0
# olaylar hakkındaki bazı gerçekler veya en azından farklı bir bakış açısından görünüm için:
30.yilinda maraş katliami ve tersyüz edilen gerçekler!
birol cevizoğlu
şimdi birlikte bir zaman yolculuğuna çıkıp “keşke yaşanmasaydı” dediğimiz o günlere bir bakalım. unutulmamalıdır ki o günlerde sscb gizli servisi kgb başta olmak üzere çin, arnavutluk, bulgaristan ve diğer komünist blok ülkelerinin gizli servisleri ülkemizde cinayetler işleyip, büyük provokasyonlara imza atmaktaydılar.
bu büyük iç savaş provalarından ilki belki de “malatya olayları” diye bilinen, malatya’da chp’nin 52 yıllık iktidarını yıkarak 11 aralık 1977’de belediye başkanı seçilen hamit fendoğlu’nun, 17 nisan 1978’de gelini ve torunları bozkurt ve mehmet ile birlikte şehit edilmesi olayıdır. diğer olaylarda olduğu gibi “hamido”nun da şehit edilmesi olayına bir ülkücü fail bulunması gerekiyordu. aranan fail ülkü ocakları derneği (üod) eski genel başkanı muharrem şemsek’ti!
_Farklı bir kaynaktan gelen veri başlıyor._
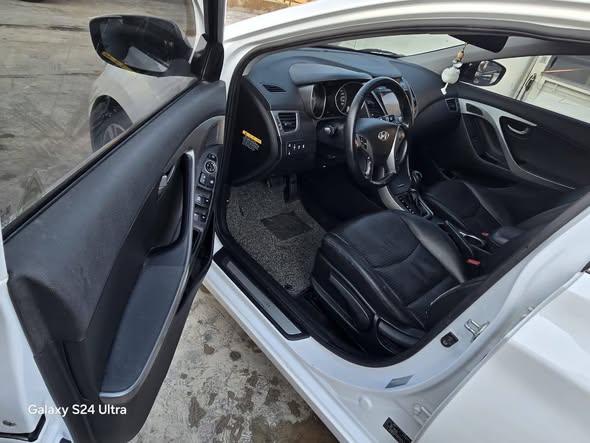 هيونداي افانتي 2015 - صورة 2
oysa bunların hepsi bir yalan ve büyük bir oyunun parçası idi. bugün olduğu gibi o günlerde de türkiye başta kgb olmak üzere cia ve mossad’ın eylem ve cinayet işleme alanı haline gelmişti. bu olay da bunların işiydi. bu servislerin satın aldığı hainler vasıtasıyla gerçekleştirilen katliamlar toplumsal hayatımızda derin yaraların açılmasına sebep oluyordu. muharrem şemsek’in suçsuzluğu kısa sürede anlaşılacaktı ama karanlık kişiler amaçlarına ulaşıp, çıkan olaylarda masum insanlar hayatlarını kaybettikten sonra...
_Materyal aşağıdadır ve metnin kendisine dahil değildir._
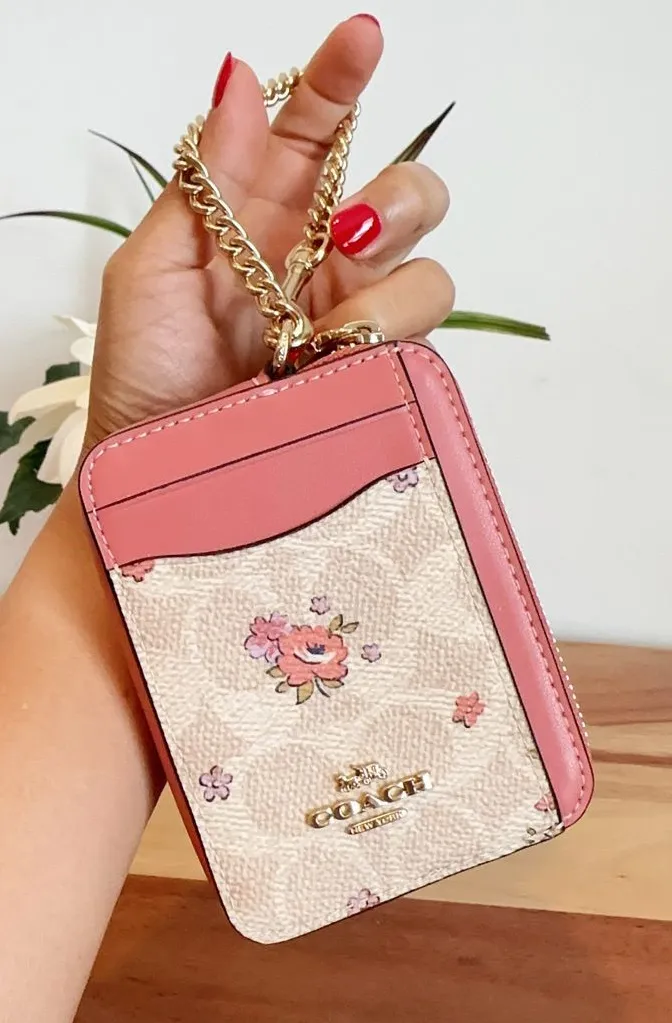 NWT Coach Zip Card Case In Signature Canvas With Floral Print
malatya olaylarına gelinmesindeki en büyük nedenlerden biri de ülkücülerin yaptığı büyük mitingdir. 15 nisan 1978 tarihinde mhp’nin düzenlediği büyük mitinge iktidardaki chp’nin her türlü olumsuzluğa, tehdit ve bütün engellemelerine rağmen çok büyük bir katılım olmuş ve türkiye siyasi tarihindeki en büyük miting olarak tarihe geçmiştir. hiçbir taşkınlığın ve yasadışı olayın yaşanmadığı bu yürüyüş ve mitingde yaklaşık olarak yarım milyon insan toplanmıştı. yürüyüşe geçen kortej cemal gürsel meydanından tandoğan’a saatler sonra gelebilmişti. işte sscb, çin, abd ve mossad, cia, kgb bundan korkuyordu… bu kitlesel büyüme durdurulmalıydı!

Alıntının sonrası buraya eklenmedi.